◆ What you have to do
Reproduce the entries in full. Exclude all images from the copy.

═════ Task inputs ═════

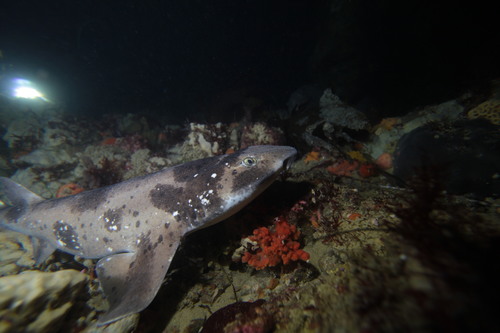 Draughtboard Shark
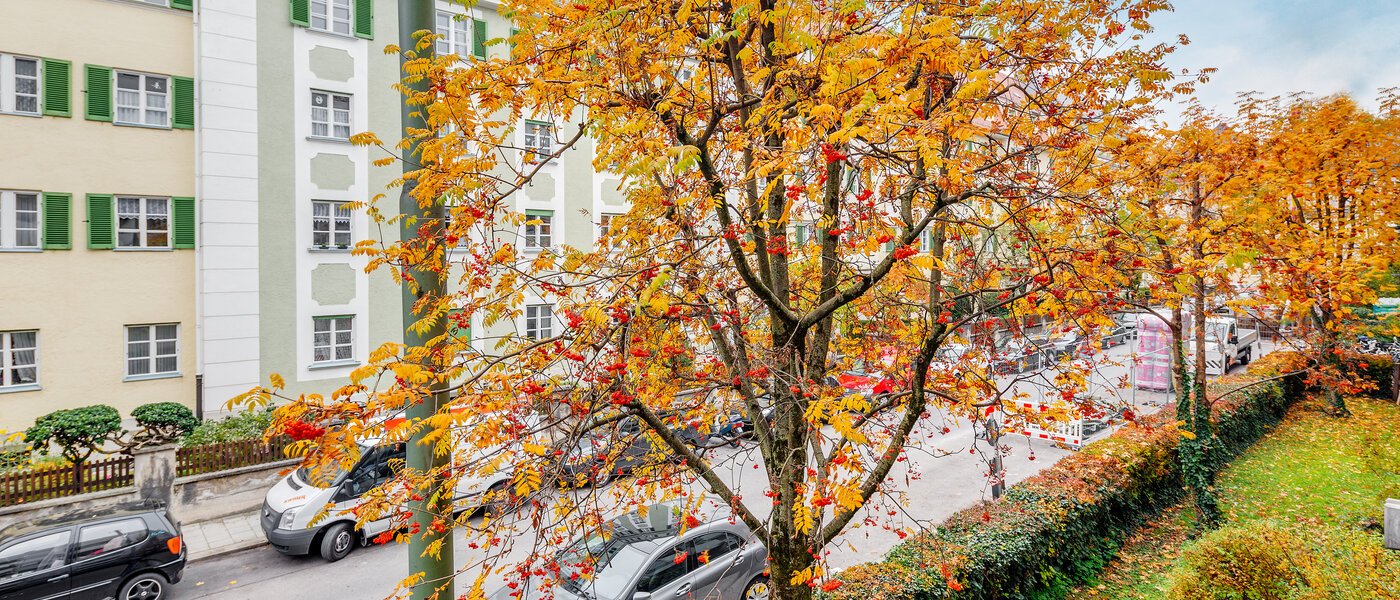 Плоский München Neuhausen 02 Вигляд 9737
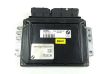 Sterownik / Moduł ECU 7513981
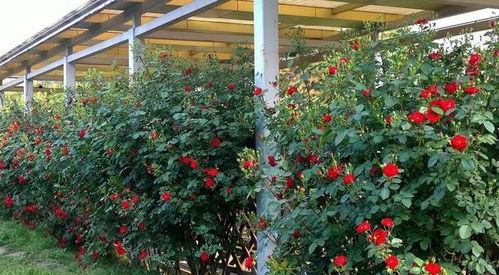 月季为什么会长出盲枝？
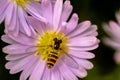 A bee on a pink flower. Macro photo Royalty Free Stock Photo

═════

◆ Reply
 Draughtboard Shark
 Плоский München Neuhausen 02 Вигляд 9737
 Sterownik / Moduł ECU 7513981
 月季为什么会长出盲枝？
 A bee on a pink flower. Macro photo Royalty Free Stock Photo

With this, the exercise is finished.